Source records:

§

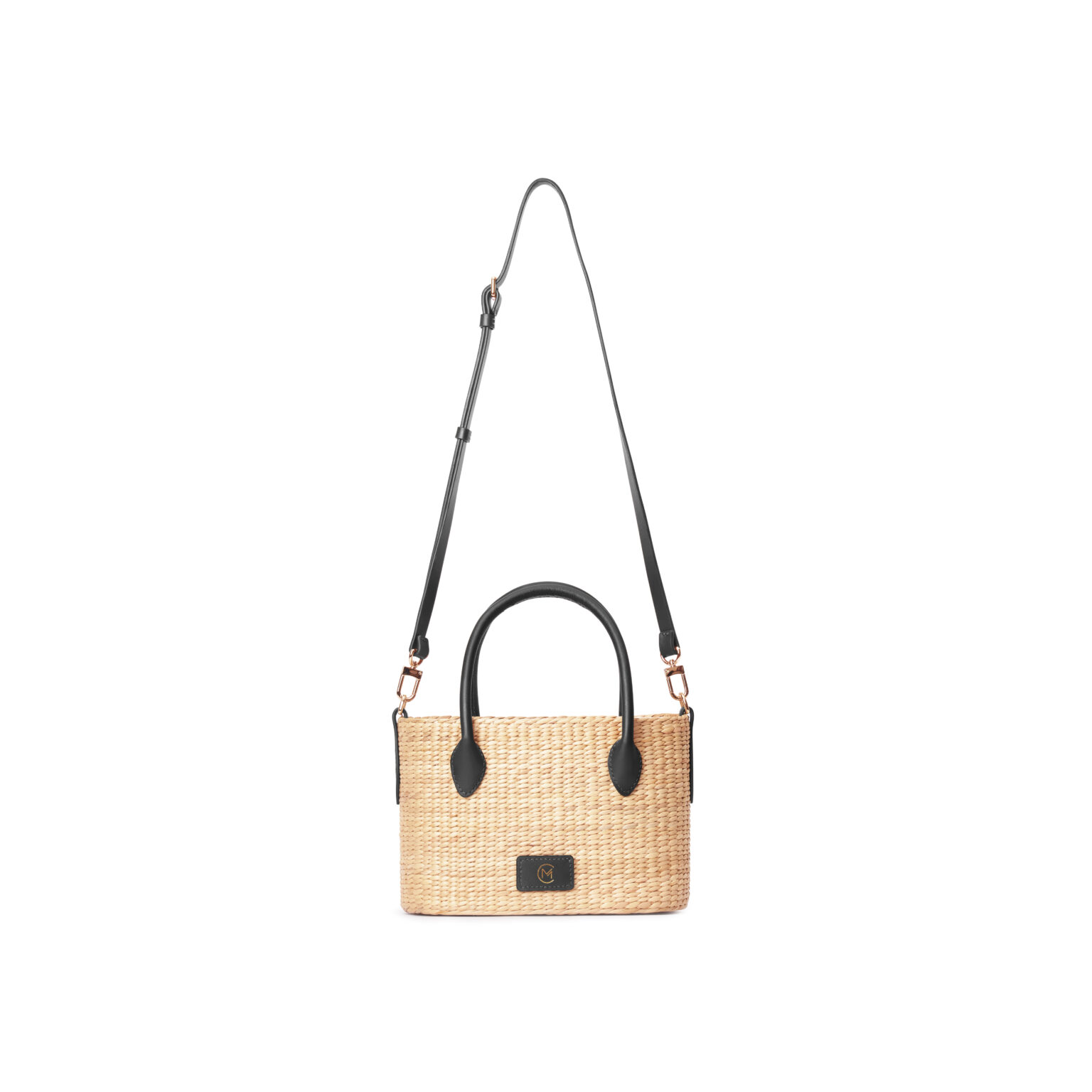 Water Hyacinth Handbag Ashima
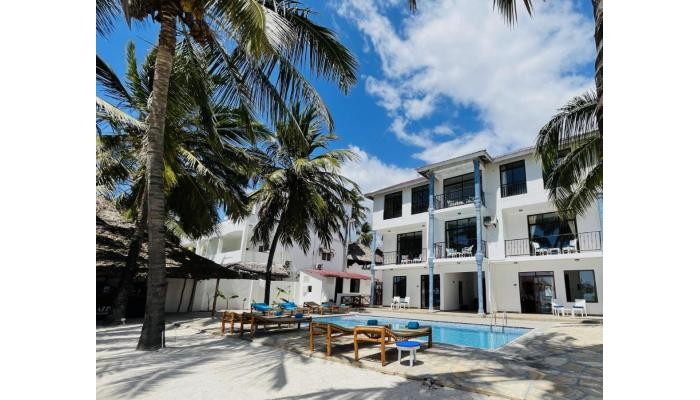 Hotel Bianco Azzurro poza 1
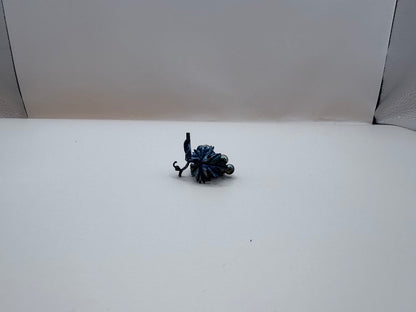 STERLING SILVER GRAPES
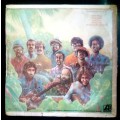 Herbie Mann - Reggae LP Vinyl Record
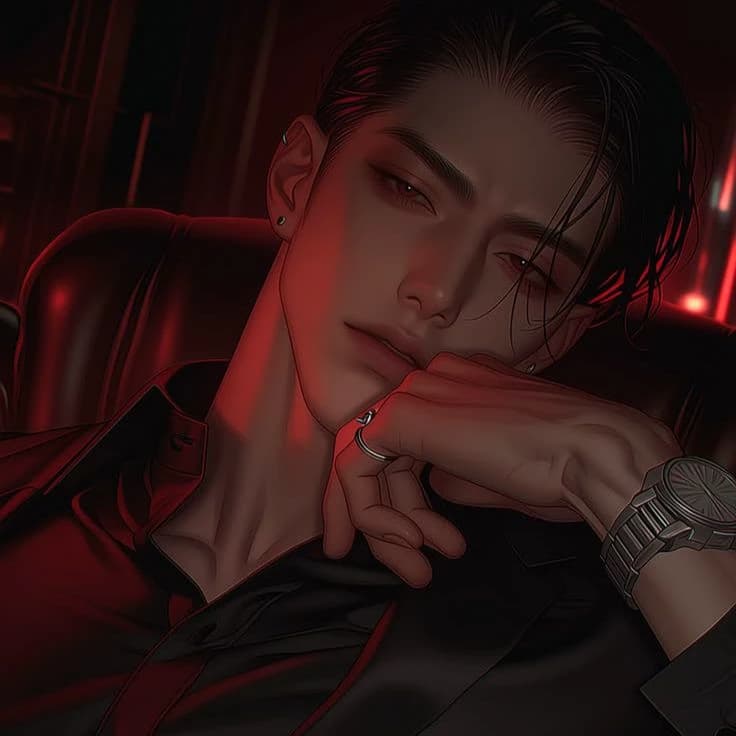 Killian Pierce (a wealthy and ruthless mafia boss) thumbnail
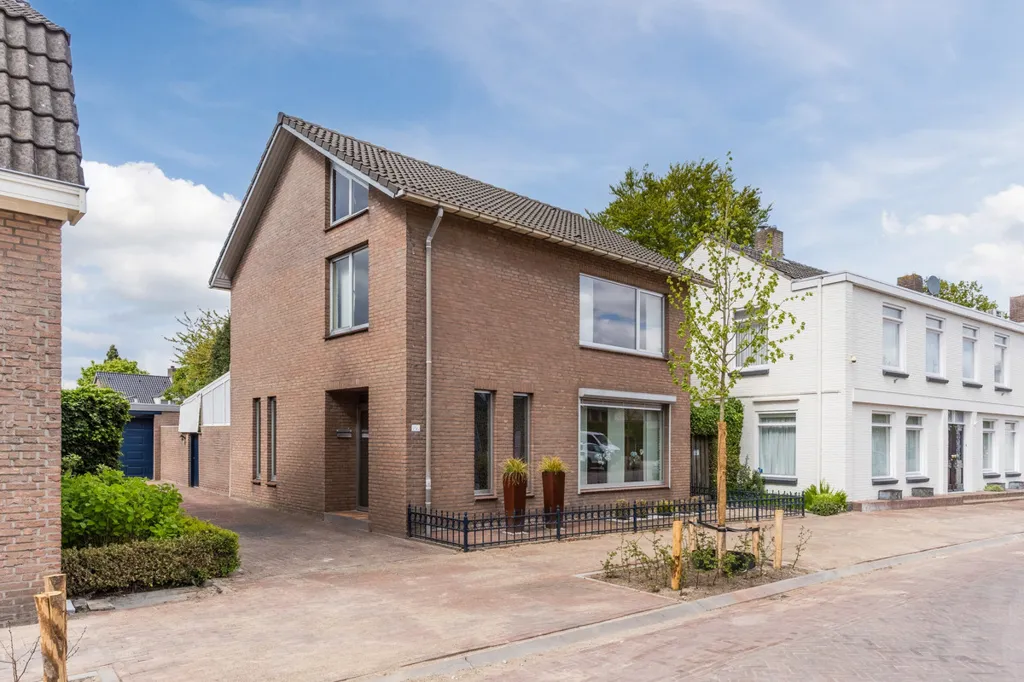 Maison 5 pièces à Budel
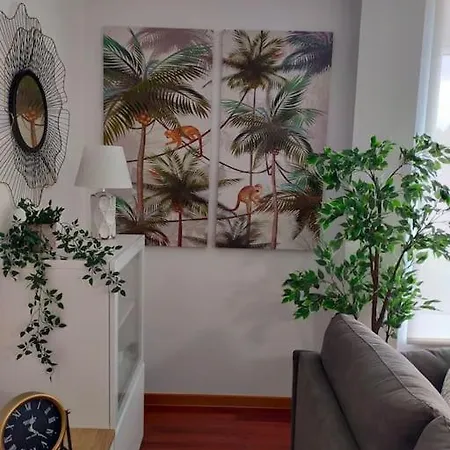 Precioso Apartamento Apartamento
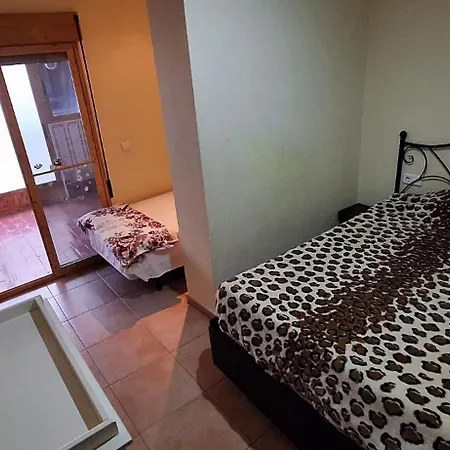 Appartamento Casa 2 - Centro Benidorm- Solo Mayores De 30 Anos Y Familias Benidorm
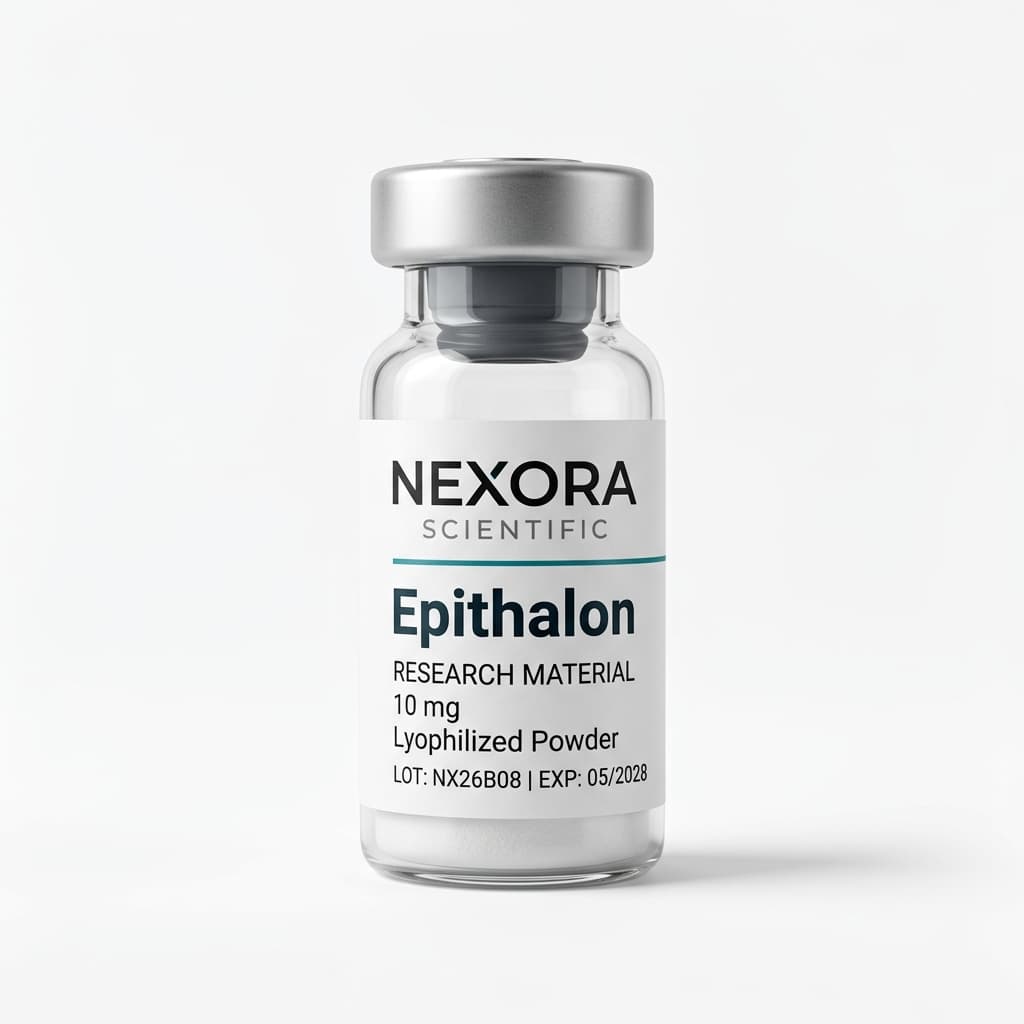 Epithalon (Epitalon)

§

Every record above should be written out again exactly; the pictures stay out of the copy.

Answer below:
 Water Hyacinth Handbag Ashima
 Hotel Bianco Azzurro poza 1
 STERLING SILVER GRAPES
 Herbie Mann - Reggae LP Vinyl Record
 Killian Pierce (a wealthy and ruthless mafia boss) thumbnail
 Maison 5 pièces à Budel
 Precioso Apartamento Apartamento
 Appartamento Casa 2 - Centro Benidorm- Solo Mayores De 30 Anos Y Familias Benidorm
 Epithalon (Epitalon)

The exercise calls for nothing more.